◆ Records shown
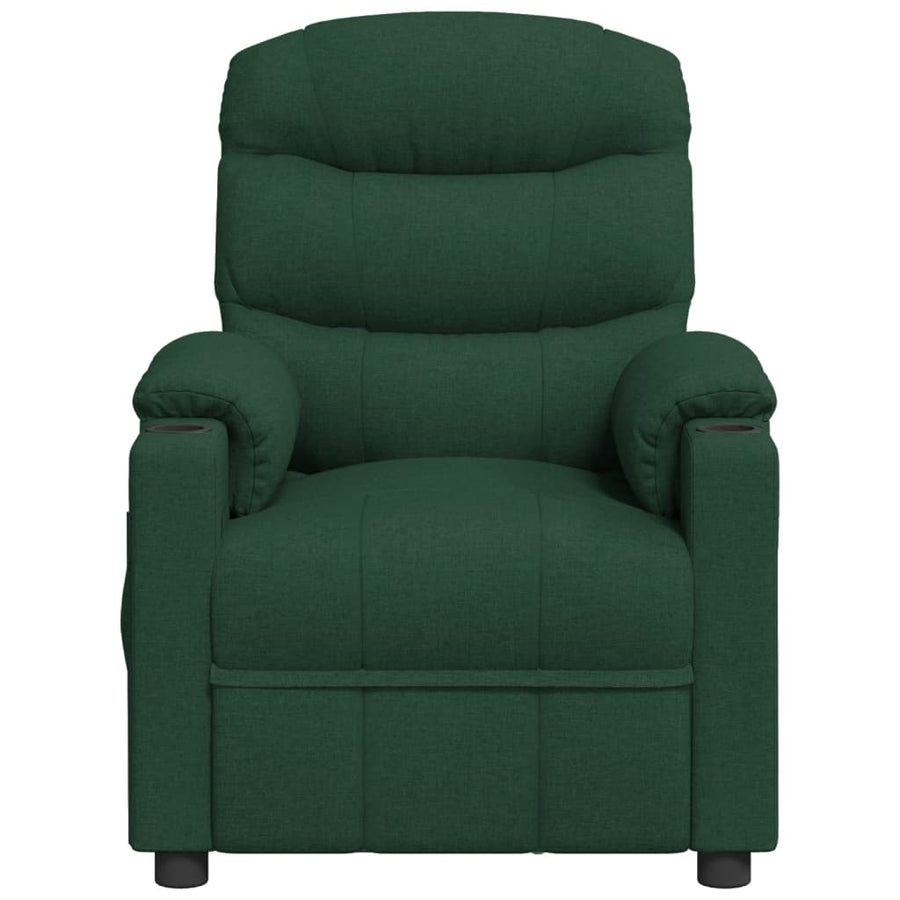 Fauteuil verstelbaar elektrisch stof donkergroen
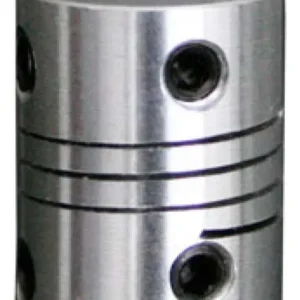 Cople flexible de aluminio D110mm. Modelo DR-10X10-D20L25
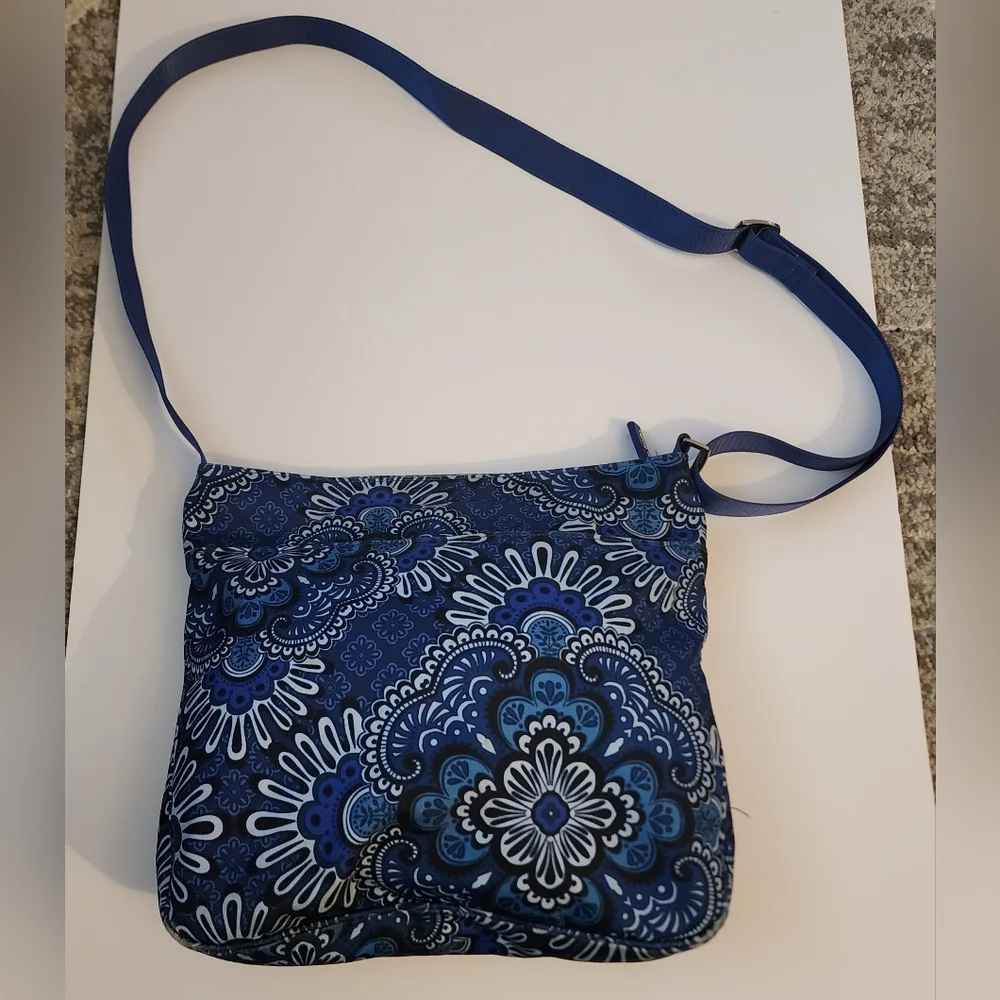Vera Bradley Blue Floral Crossbody Bag - Picture 3 of 7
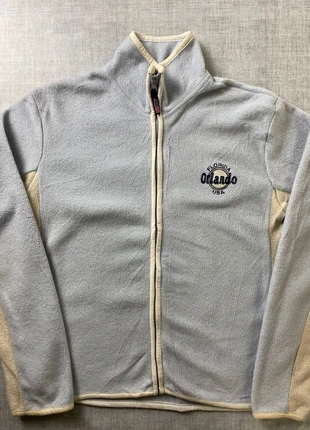 Polaire Zippée Bicolore U.S. Apparel Bleu Gris Beige Taille M Vintage, marca: Vintage Dressing, estado: Bom, tamanho: M / 38 / 10, €24.99, €26.94 inclui Proteção do Comprador Pro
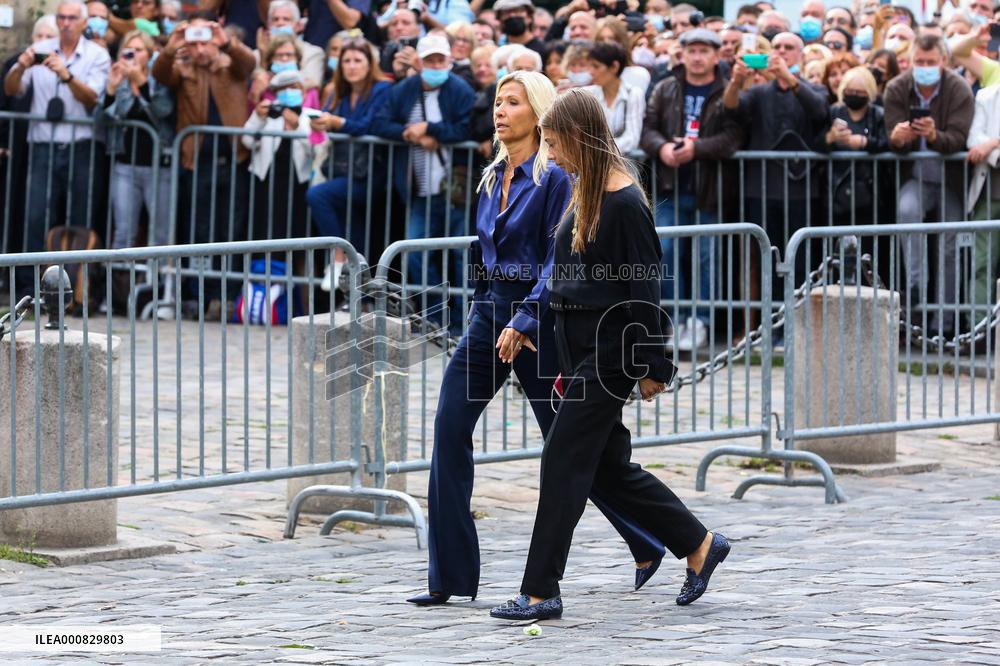 Jean-Paul Belmondo Funeral - Paris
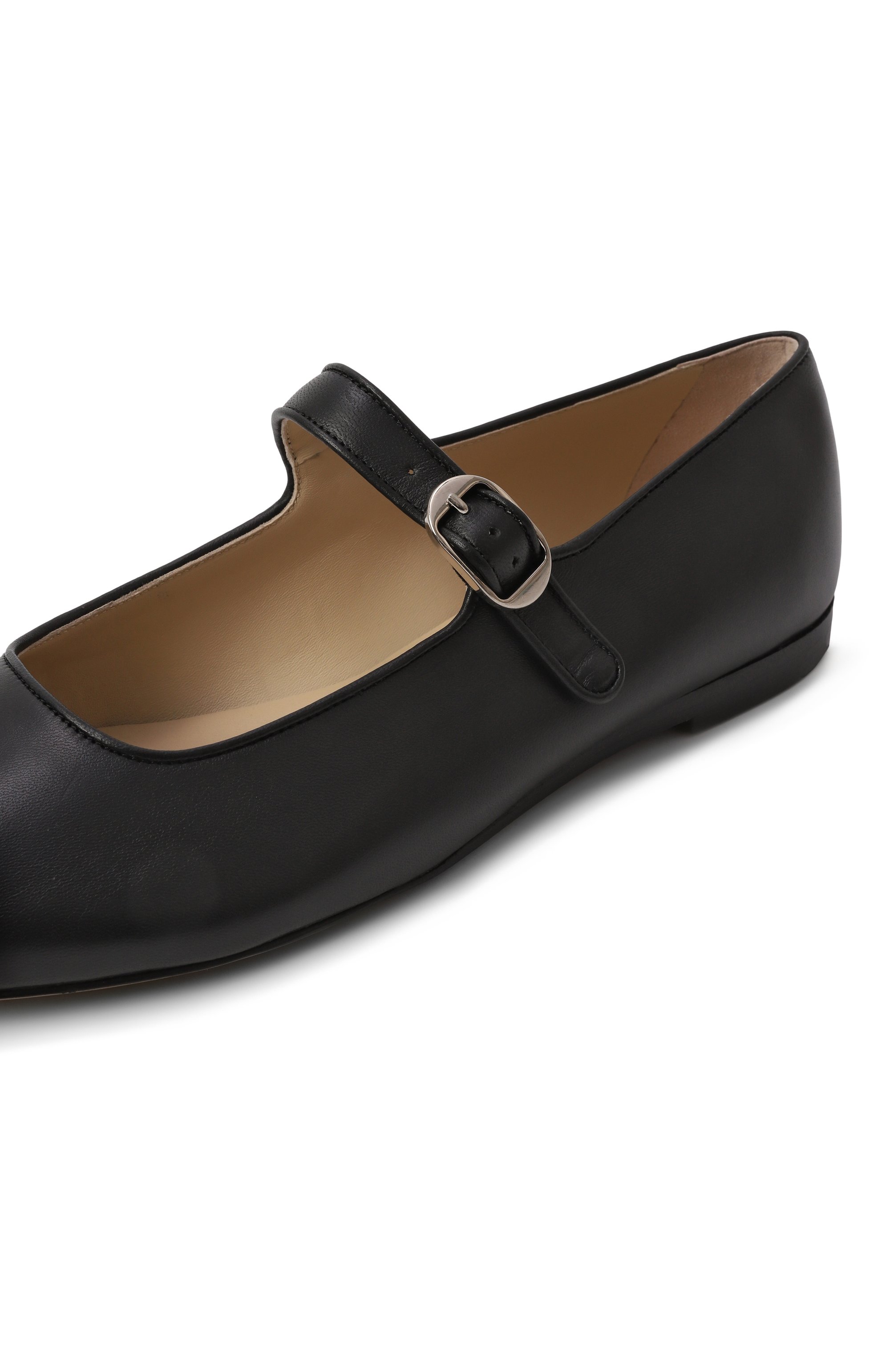 Кожаные балетки mary jane LE MONDE BERYL черного цвета по цене 59950 руб., арт. MRJ-LEA-BLA, фото 7 Кожаные балетки mary jane LE MONDE BERYL, арт. MRJ-LEA-BLA, фото 7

◆ Exercise brief
Word for word, give again the lines from the line holding "Polaire Zippée Bicolore" through the last line of the material, both included; pictures are not part of the copy.

◆ Response
 Polaire Zippée Bicolore U.S. Apparel Bleu Gris Beige Taille M Vintage, marca: Vintage Dressing, estado: Bom, tamanho: M / 38 / 10, €24.99, €26.94 inclui Proteção do Comprador Pro
 Jean-Paul Belmondo Funeral - Paris
 Кожаные балетки mary jane LE MONDE BERYL черного цвета по цене 59950 руб., арт. MRJ-LEA-BLA, фото 7 Кожаные балетки mary jane LE MONDE BERYL, арт. MRJ-LEA-BLA, фото 7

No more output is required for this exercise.